For McBride, however, the greatest danger is public opinion and public use.
“The biggest threat is that we start viewing it as an amusement park, an item to check off the list, instead of a place for reverence,” he said. “We’re creating a Disneyland attraction. People are trying to turn its natural beauty into cash.”
In excess of 5 million people visit the canyon every year.
Furthering the effort to gain public awareness for the challenges facing the national park, McBride documented his adventure with Fedarko in the film “Into the Canyon,” which premiered in February 2019, just a few days before the centennial of the official designation of Grand Canyon National Park.

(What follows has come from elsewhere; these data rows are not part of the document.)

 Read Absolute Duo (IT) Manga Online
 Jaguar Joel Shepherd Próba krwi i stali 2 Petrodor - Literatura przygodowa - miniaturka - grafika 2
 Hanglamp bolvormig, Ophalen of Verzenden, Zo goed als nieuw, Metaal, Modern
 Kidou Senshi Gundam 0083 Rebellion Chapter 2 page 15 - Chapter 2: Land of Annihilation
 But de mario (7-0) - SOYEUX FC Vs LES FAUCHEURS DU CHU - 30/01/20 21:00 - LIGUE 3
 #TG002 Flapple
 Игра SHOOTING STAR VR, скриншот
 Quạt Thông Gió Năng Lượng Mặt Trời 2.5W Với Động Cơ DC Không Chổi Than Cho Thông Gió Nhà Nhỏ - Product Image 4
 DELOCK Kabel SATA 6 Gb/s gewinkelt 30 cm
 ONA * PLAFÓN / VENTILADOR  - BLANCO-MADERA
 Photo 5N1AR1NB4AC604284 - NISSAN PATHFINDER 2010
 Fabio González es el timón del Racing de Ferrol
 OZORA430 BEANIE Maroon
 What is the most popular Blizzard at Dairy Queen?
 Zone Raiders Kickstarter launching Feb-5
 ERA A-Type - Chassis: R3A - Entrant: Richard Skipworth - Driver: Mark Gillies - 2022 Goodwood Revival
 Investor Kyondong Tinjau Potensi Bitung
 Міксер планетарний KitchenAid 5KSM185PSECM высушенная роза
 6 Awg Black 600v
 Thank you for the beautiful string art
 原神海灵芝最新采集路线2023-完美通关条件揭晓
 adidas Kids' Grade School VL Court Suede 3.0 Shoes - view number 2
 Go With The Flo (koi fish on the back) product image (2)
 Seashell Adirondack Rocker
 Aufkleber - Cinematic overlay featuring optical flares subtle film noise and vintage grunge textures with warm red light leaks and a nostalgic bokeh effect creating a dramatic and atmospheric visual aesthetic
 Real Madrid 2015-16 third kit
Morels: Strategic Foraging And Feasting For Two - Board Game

In the film, which will screen at the Argyros in Ketchum on Saturday, Sept. 14, McBride chronicles his experiences on the trek, the majesty he observed in the canyon and the threats it faces.
Along the way, he said, he learned a great deal more than he expected.
“It’s even more remarkable, more awe-inspiring than I thought, but it also became very clear how truly fragile it is. It’s not just rock and color and texture. It’s biodiversity and silence and wilderness. Those things are very delicate.”
McBride will be present for the Saturday screening of “Into the Canyon,” and will engage in a question-and-answer session afterward. Zach Crist of Sun Valley Guides will introduce the film.
The screening will begin at 6 p.m. Tickets for the event are available for $15 online at theargyros.org. A portion of the proceeds will be donated to benefit the Sawtooth Society.